YOUR GOAL
Please transcribe only the lines from the one holding "PIKOLIN I Colchón" through the final line of the data, both included, with no pictures.

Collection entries
********************

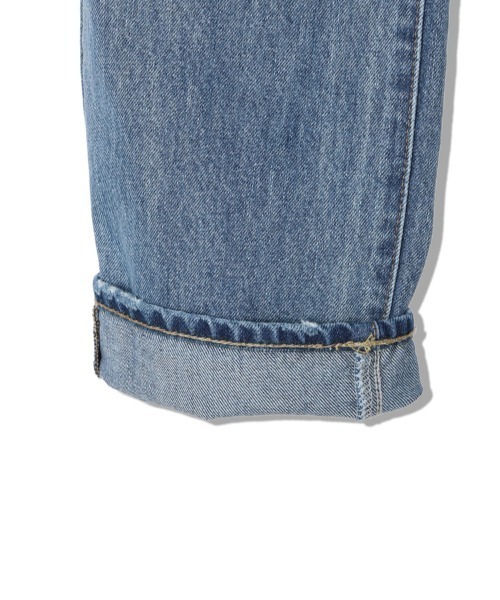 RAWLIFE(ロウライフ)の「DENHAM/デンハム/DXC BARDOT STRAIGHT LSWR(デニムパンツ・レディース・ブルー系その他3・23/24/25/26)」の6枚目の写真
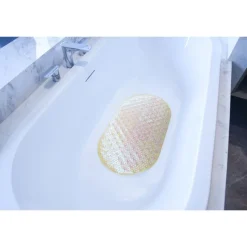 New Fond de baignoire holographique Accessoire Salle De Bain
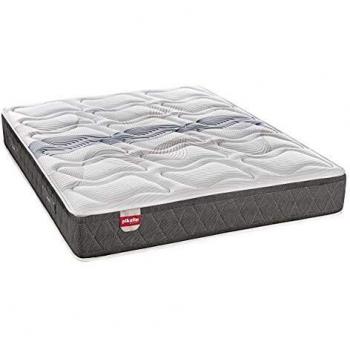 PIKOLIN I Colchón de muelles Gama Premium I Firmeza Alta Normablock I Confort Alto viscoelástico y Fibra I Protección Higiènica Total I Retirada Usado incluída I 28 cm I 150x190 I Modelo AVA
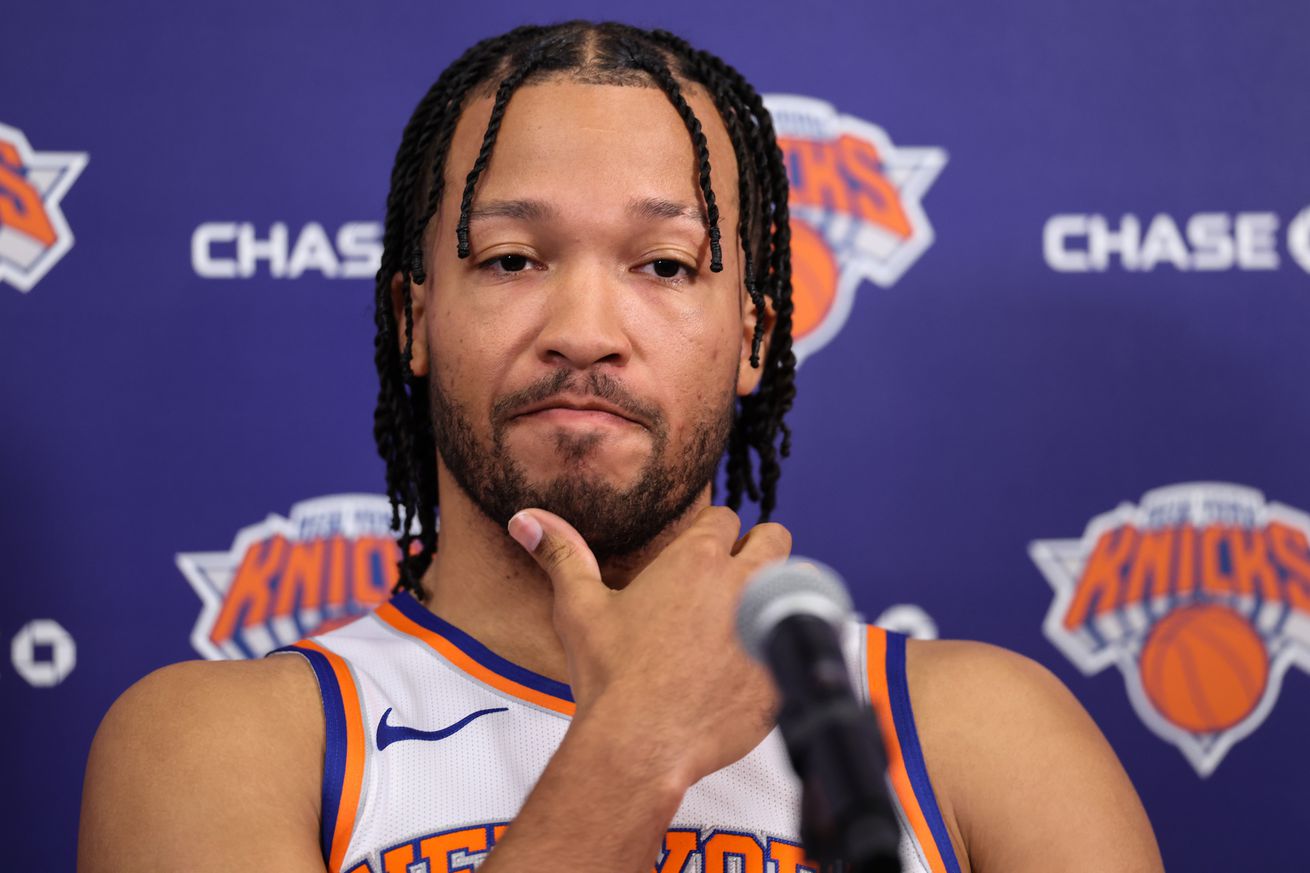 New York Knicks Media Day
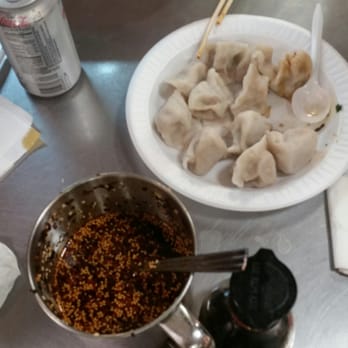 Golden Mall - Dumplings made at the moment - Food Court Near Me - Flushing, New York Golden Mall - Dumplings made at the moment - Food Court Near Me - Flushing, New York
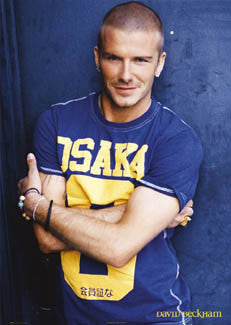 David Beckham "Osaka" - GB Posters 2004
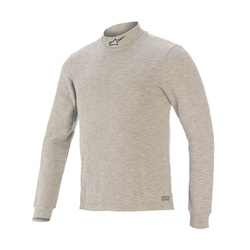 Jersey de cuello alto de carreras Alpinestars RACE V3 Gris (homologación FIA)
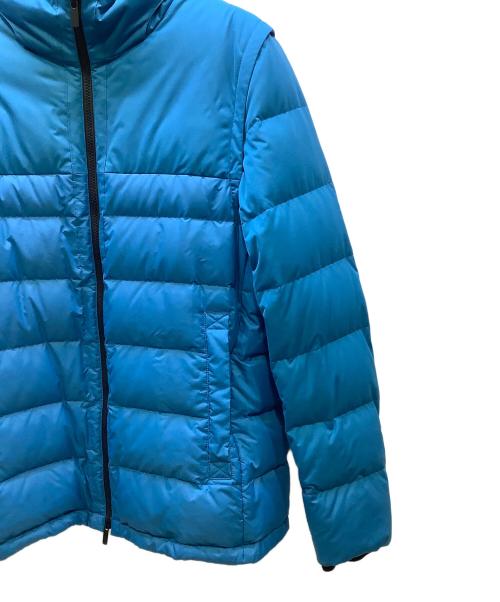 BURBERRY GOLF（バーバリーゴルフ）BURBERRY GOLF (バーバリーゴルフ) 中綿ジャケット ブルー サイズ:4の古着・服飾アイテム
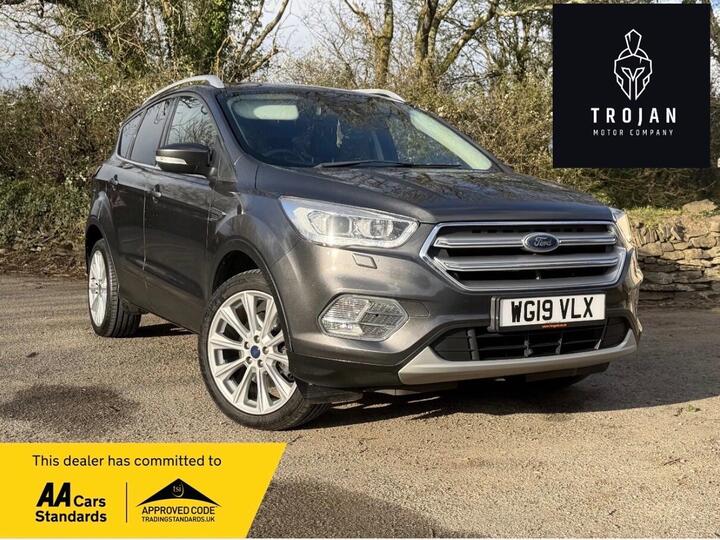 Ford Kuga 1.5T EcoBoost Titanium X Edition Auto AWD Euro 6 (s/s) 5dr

********************

EXERCISE SOLUTION
 PIKOLIN I Colchón de muelles Gama Premium I Firmeza Alta Normablock I Confort Alto viscoelástico y Fibra I Protección Higiènica Total I Retirada Usado incluída I 28 cm I 150x190 I Modelo AVA
 New York Knicks Media Day
 Golden Mall - Dumplings made at the moment - Food Court Near Me - Flushing, New York Golden Mall - Dumplings made at the moment - Food Court Near Me - Flushing, New York
 David Beckham "Osaka" - GB Posters 2004
 Jersey de cuello alto de carreras Alpinestars RACE V3 Gris (homologación FIA)
 BURBERRY GOLF（バーバリーゴルフ）BURBERRY GOLF (バーバリーゴルフ) 中綿ジャケット ブルー サイズ:4の古着・服飾アイテム
 Ford Kuga 1.5T EcoBoost Titanium X Edition Auto AWD Euro 6 (s/s) 5dr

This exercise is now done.